The annual Law Review Supreme Court Forum is held to commemorate the first Law Review issue of the year, which is the Supreme Court edition. Prof. Elena Kagan moderated the forum, in which students and faculty filled Austin North to capacity and spilled over into other rooms.

Barak’s comments focused on his foreword, “A Judge on Judging: The Role of a Supreme Court in a Democracy” in the current Law Review issue.

“If I am asked, ‘What is your role as a judge on a supreme court?’ my answer is not, ‘My role is to adjudicate.’ Clearly, my role is to adjudicate. But that is only the beginning of that because I think that the answer, ‘My role is to adjudicate’ is not enough,” said Barak.

“What is my role as a judge in a democracy?” he asked, “One is to bridge the gap between law and life — to bridge the gap between law and society — and the other one is to protect democracy.”

Barak stated that his judicial philosophy focused on allowing judges to show discretion. He advocated a broad scope of judicial review, including judicial oversight of impeachment proceedings. He claimed that, “America is obsessed with original intent” and that other democracies and jurists throughout the world put much less emphasis on the concept. He noted that, for him, interpretation of the law was key to judicial review.

“For me, democracy is not just legislative supremacy. For me, democracy is not just rule,” Barak said. “For me, democracy has a deeper meaning, a deeper understanding. There is a morality behind the need for democracy. Democracy means supremacy of values, supremacy of some ideas.”

Barak added that in matters of law, there was not one basic value or idea that was correct.
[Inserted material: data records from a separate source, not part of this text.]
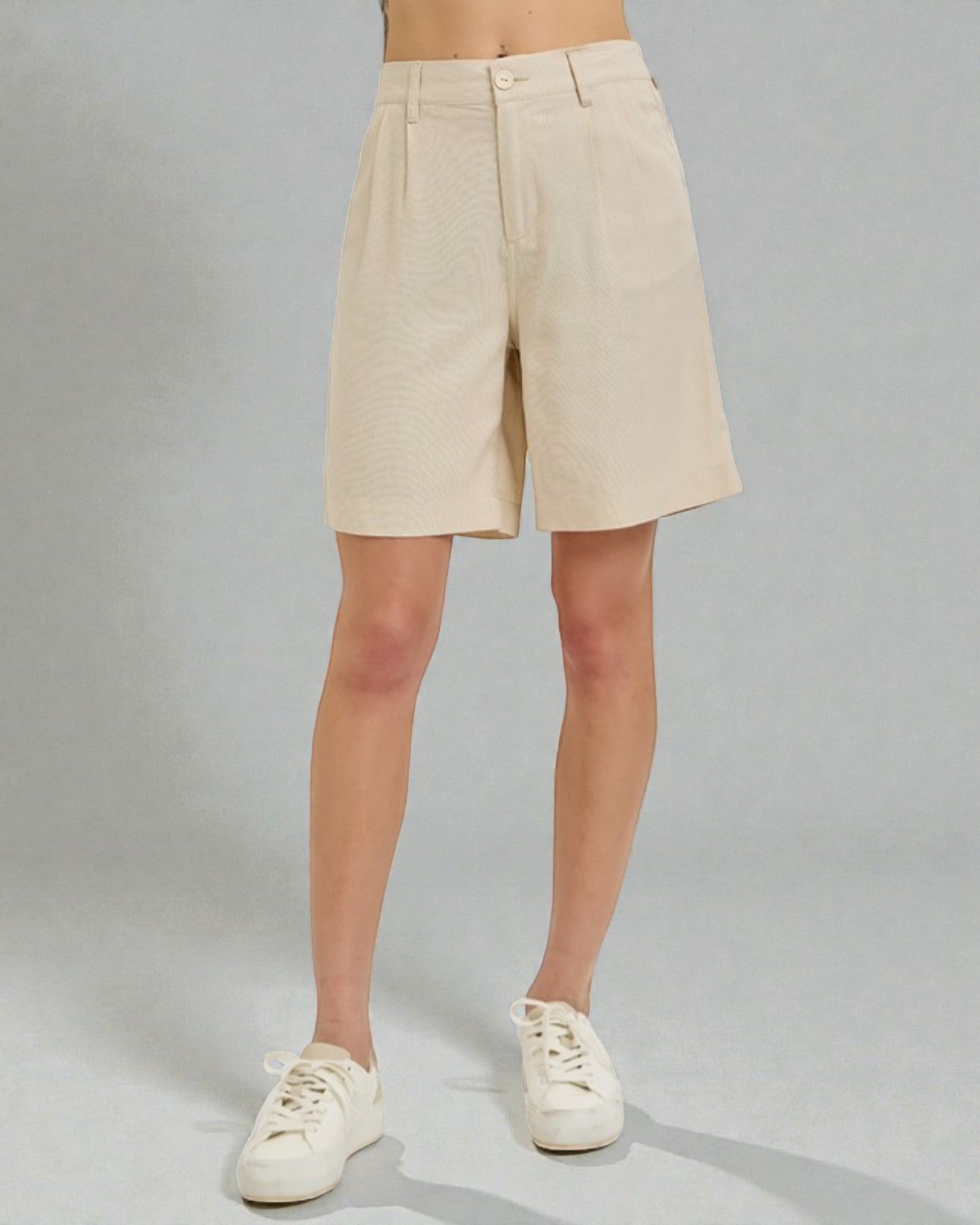 Beige shorts worn by a person on a gray background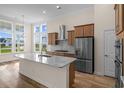 Bright kitchen featuring an island, stainless steel appliances, wood cabinetry, and large windows at 1228 Colusa Ct., Little River, SC 29566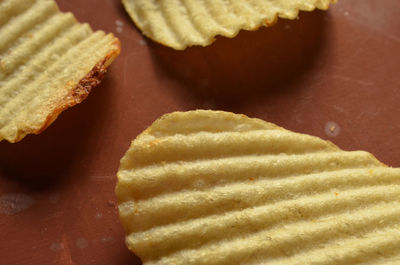 Close-up of potato chips on table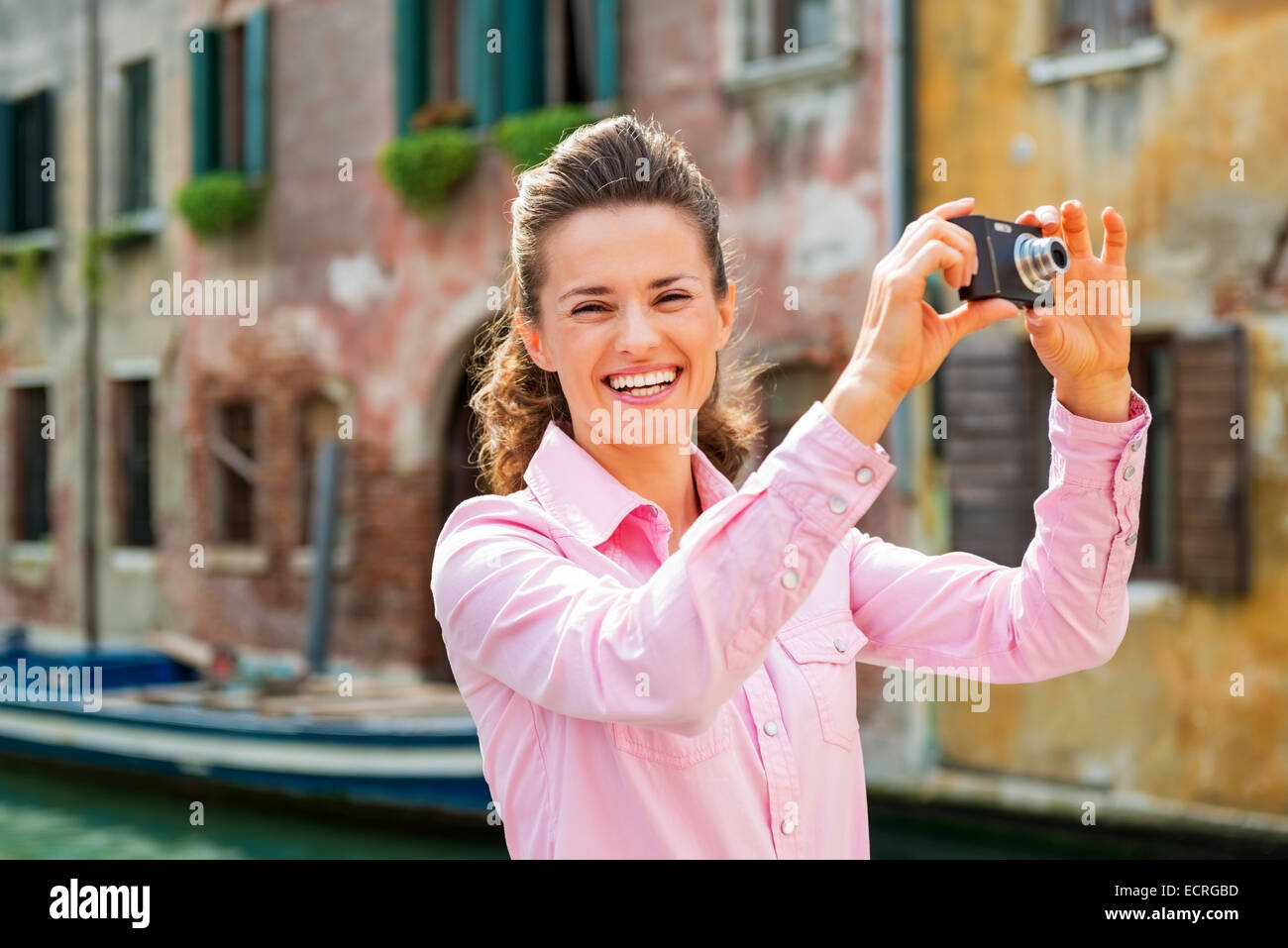 Sorridente giovane donna prendendo foto a venezia, Italia Foto Stock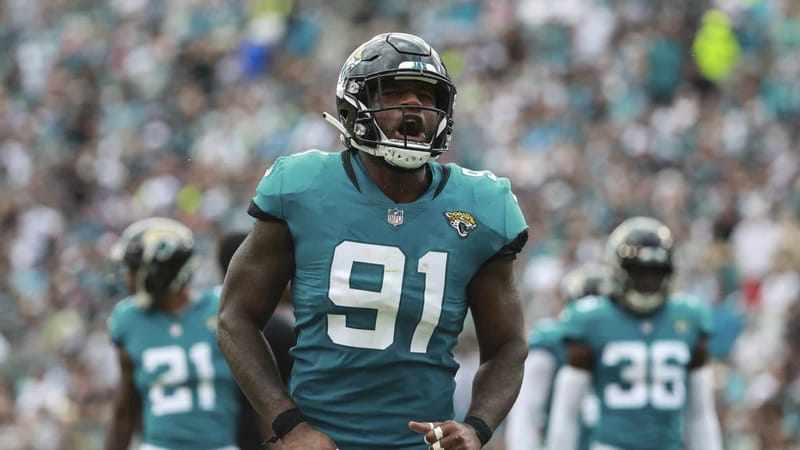 JACKSONVILLE, FL - SEPTEMBER 16: Yannick Ngakoue #91 of the Jacksonville Jaguars celebrates a play in the first half against the New England Patriots at TIAA Bank Field on September 16, 2018 in Jacksonville, Florida.
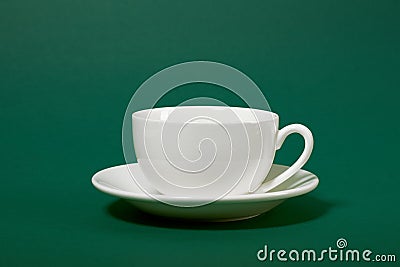 One simple coffee cup on green color background, closeup photo Stock Photo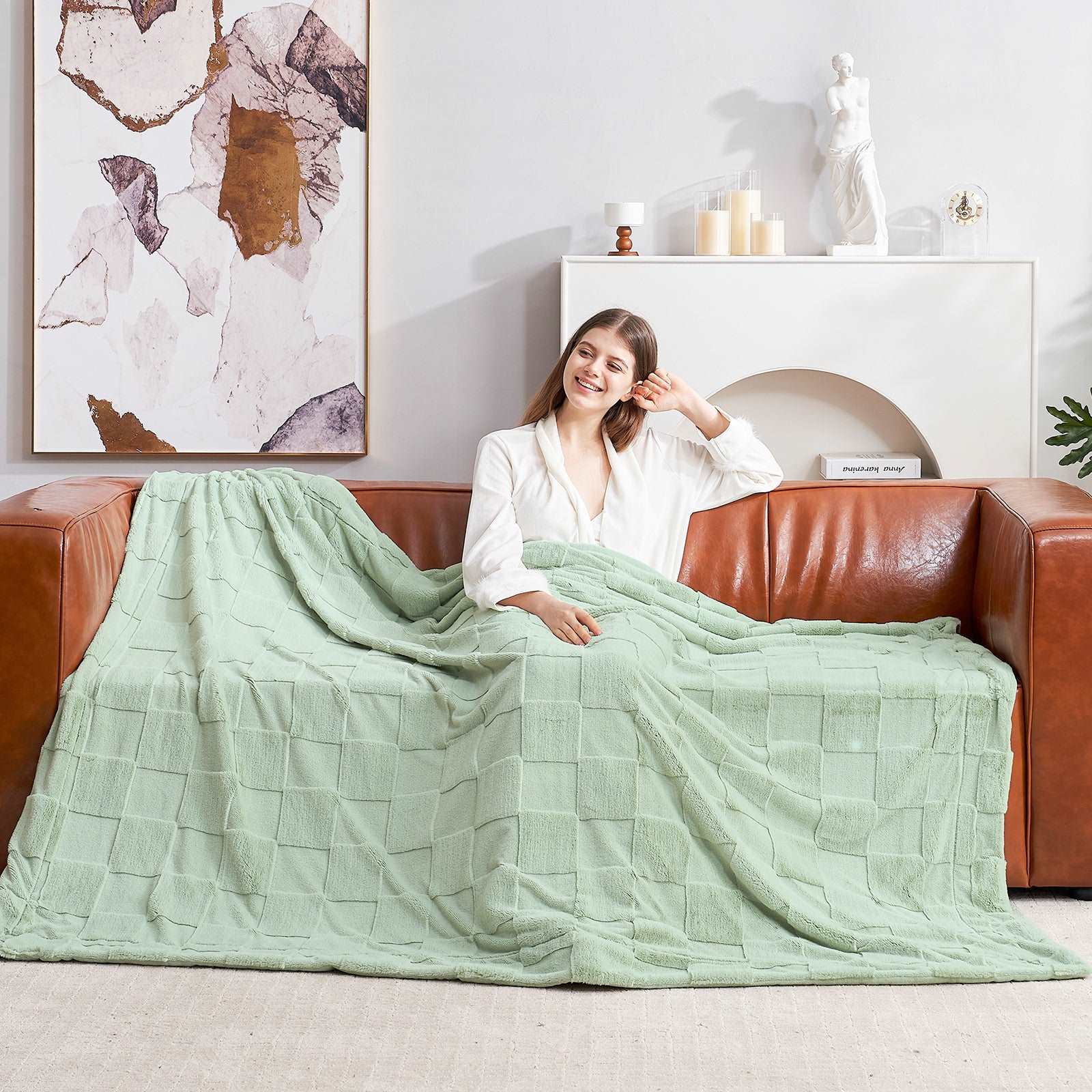 Woman relaxing with a Cozy Bliss green checkboard faux fur blanket #color_Sage Green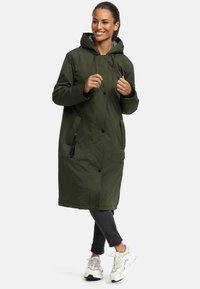 Long green parka with a hood, snap buttons, side pockets, and beige accents. Made of smooth, lightweight material, suitable for cool weather.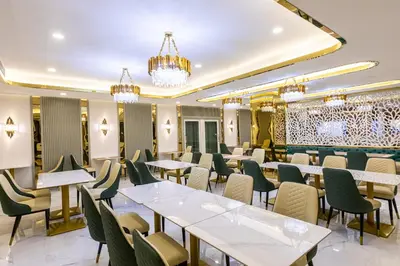 a restaurant with tables and chairs and chandeliers at Airbus Hotel At Phawana Station in Bangkok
“I never claim to express truth,” he said. “I do claim to express something that is legitimate in a democratic system and something that is better than other options. I have no claim to the truth. I also have no claim to comprehensiveness. Human beings are too complicated and human relationships are too complicated to be able to represent only one truth.”

Of his judicial philosophy, Barak said “I may be right, I may be wrong, but I am consistent.”

Fried discussed his faculty comment on Zelman v. Simmons-Harris, focusing on the importance of dissent. Fried attempted to link his faculty comment on the role of the dissenting judge in the court to Barak’s statements on the role of judges as a whole.

Fried’s comments focused on how judges use their power of discretion when they do not have clear precedent on how to decide a case. “The time comes where the text and the history and the customs simply give out and you do what is correct,” said Fried.